Task instructions: Print all of the data below exactly as it appears, leaving out every image.

Excerpted data:
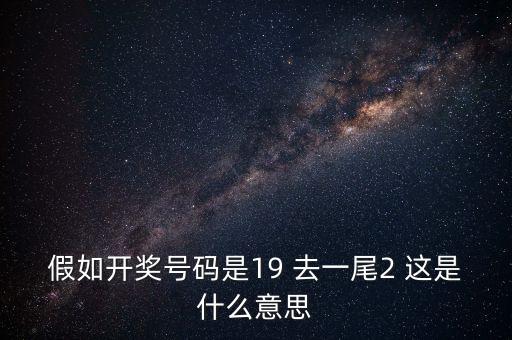 假如開獎(jiǎng)號(hào)碼是19 去一尾2 這是什么意思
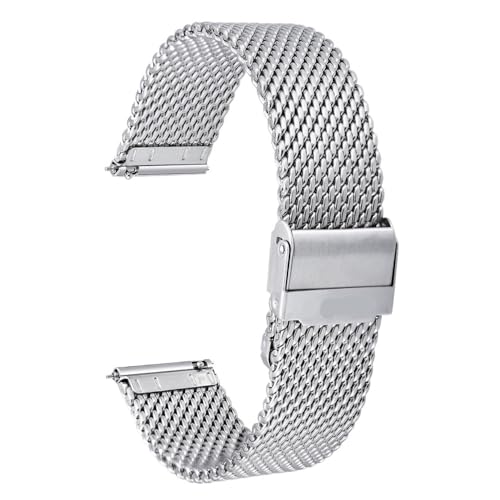 Generisch Uhrenarmband aus Edelstahl mit Metallgeflecht, Schnellverschluss, Armband for Austauschen, einfache Größenänderung, Uhrenverschluss, wasserdicht(18mm) von Generisch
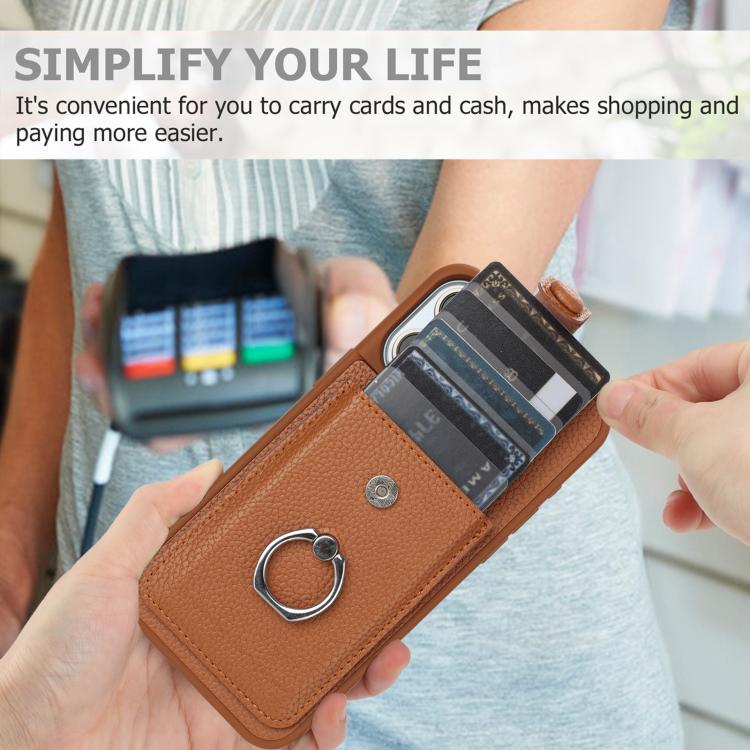 For iPhone 17 Pro Max Litchi Texture Drawing Card Bag Ring Holder Phone Case
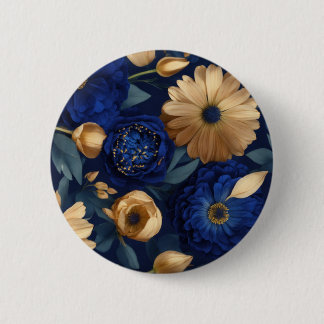 Button."Royal Indigo Florals: luxe donkerblauw Ronde Button 5,7 Cm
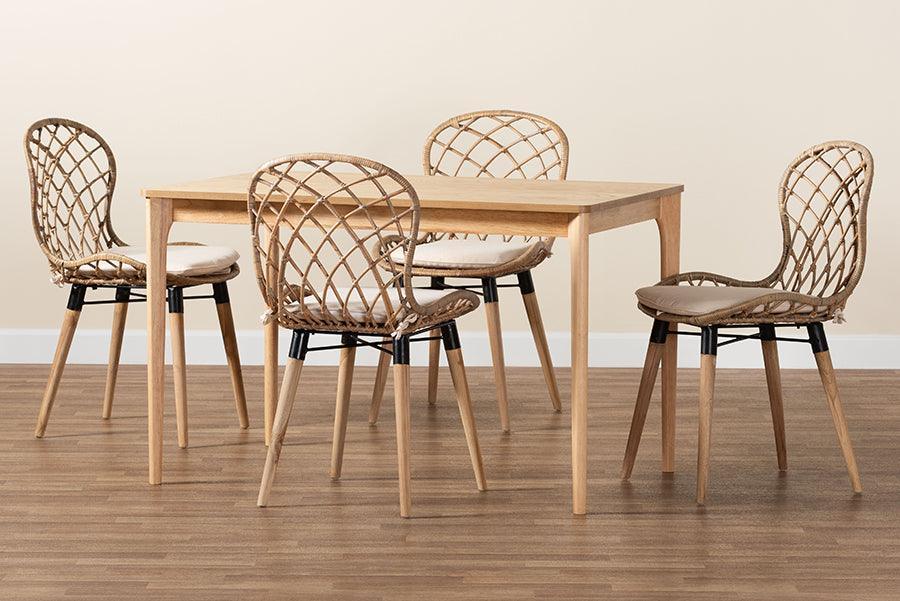 Sabelle Modern Bohemian Greywashed Rattan and Natural Brown Finished Wood 5-Piece Dining Set FredCo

Solution for this exercise:
 假如開獎(jiǎng)號(hào)碼是19 去一尾2 這是什么意思
 Generisch Uhrenarmband aus Edelstahl mit Metallgeflecht, Schnellverschluss, Armband for Austauschen, einfache Größenänderung, Uhrenverschluss, wasserdicht(18mm) von Generisch
 For iPhone 17 Pro Max Litchi Texture Drawing Card Bag Ring Holder Phone Case
 Button."Royal Indigo Florals: luxe donkerblauw Ronde Button 5,7 Cm
 Sabelle Modern Bohemian Greywashed Rattan and Natural Brown Finished Wood 5-Piece Dining Set FredCo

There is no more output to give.